▶ Work instructions: Print all the data below exactly, without images.

▶ Data provided:

_ _ _ _ _ _ _

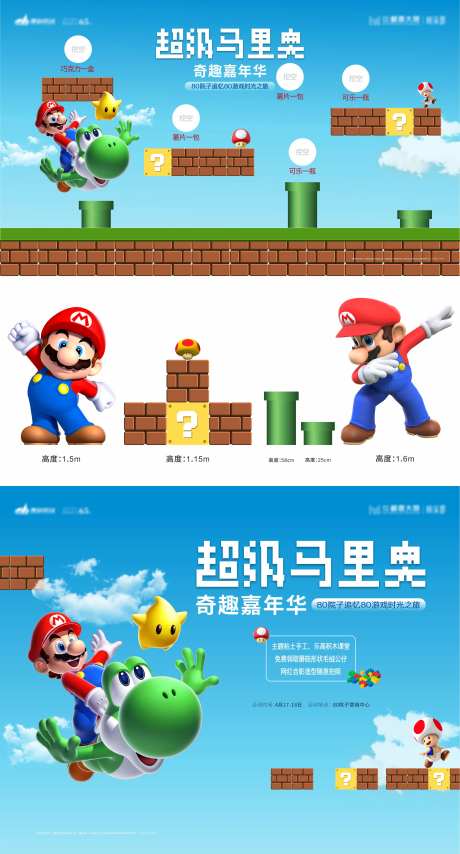 童年回忆马里奥暖场物料-采灵感-https://www.cailinggan.com/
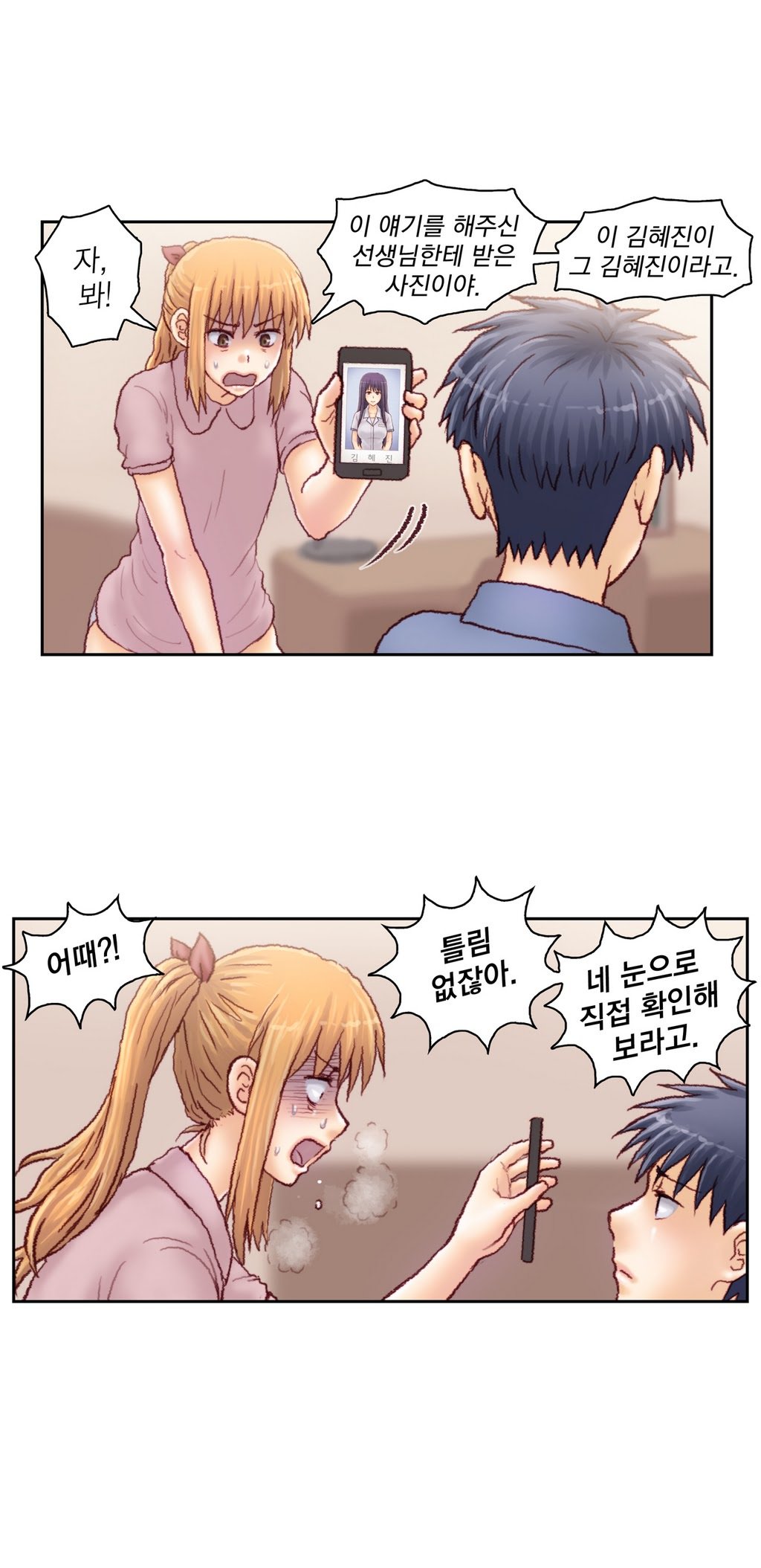 家庭教師の怒りCh.1-44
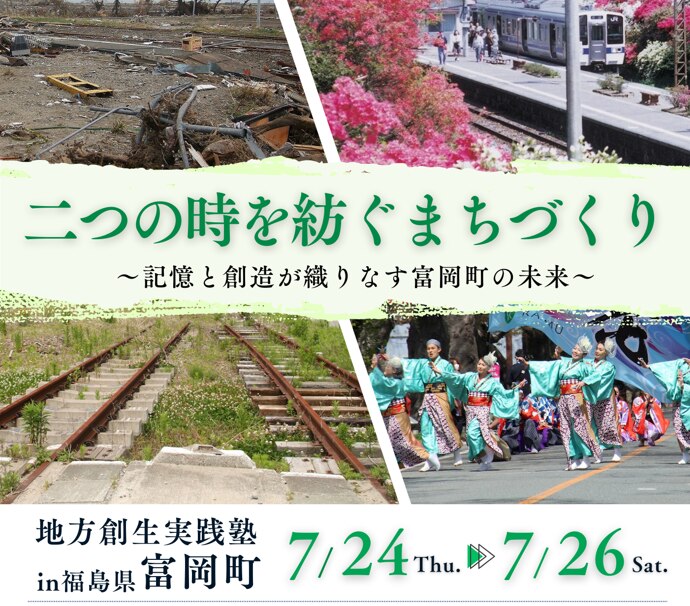 二つの時を紡ぐまちづくり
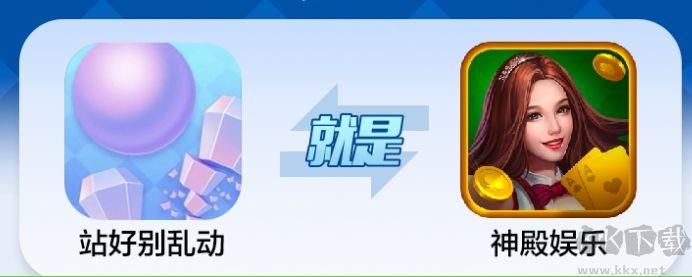神殿棋牌游戏大厅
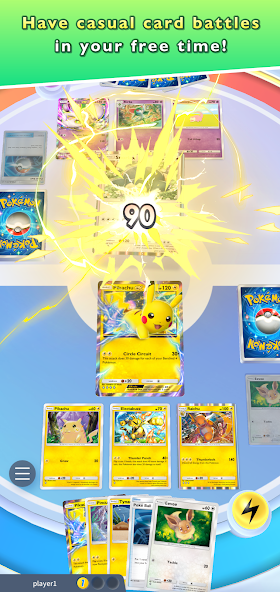 Screen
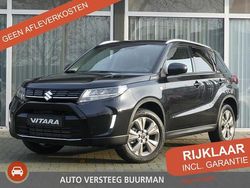 Zwart Nieuw 2025 Suzuki Vitara SUV | € 30.450 (Goede deal)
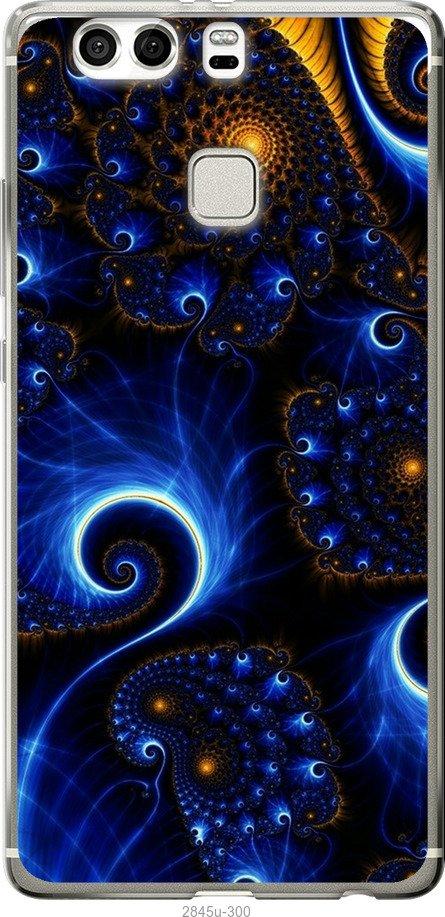 

Чехол на Samsung Galaxy S9 White and black 1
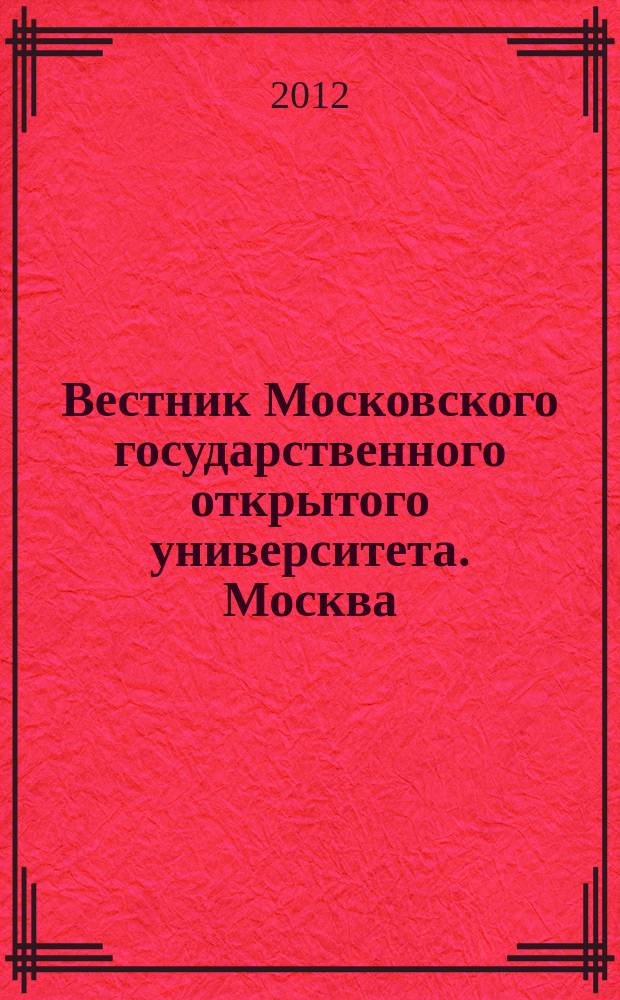 Вестник Московского государственного открытого университета. Москва : журнал. 2012, № 2 (8)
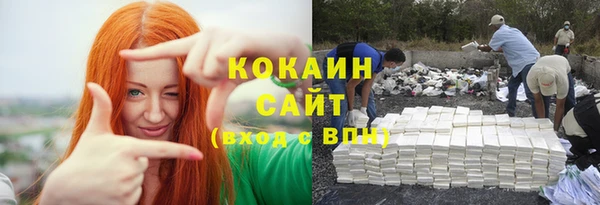 герыч Белоозёрский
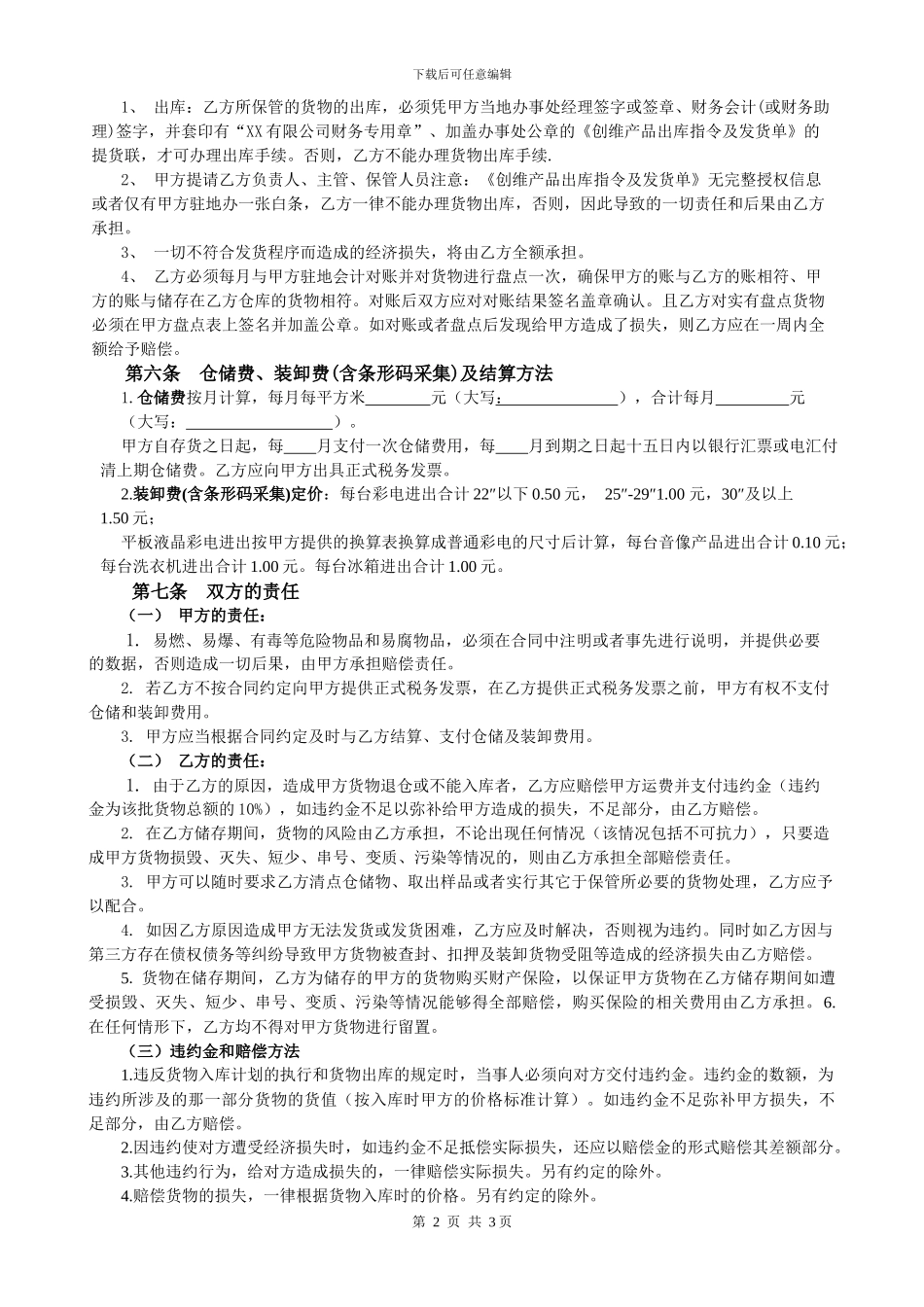 仓储合同模板_第2页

_ _ _ _ _ _ _

▶ Task response:
 童年回忆马里奥暖场物料-采灵感-https://www.cailinggan.com/
 家庭教師の怒りCh.1-44
 二つの時を紡ぐまちづくり
神殿棋牌游戏大厅
 Screen
 Zwart Nieuw 2025 Suzuki Vitara SUV | € 30.450 (Goede deal)

Чехол на Samsung Galaxy S9 White and black 1
 Вестник Московского государственного открытого университета. Москва : журнал. 2012, № 2 (8)
 герыч Белоозёрский
 仓储合同模板_第2页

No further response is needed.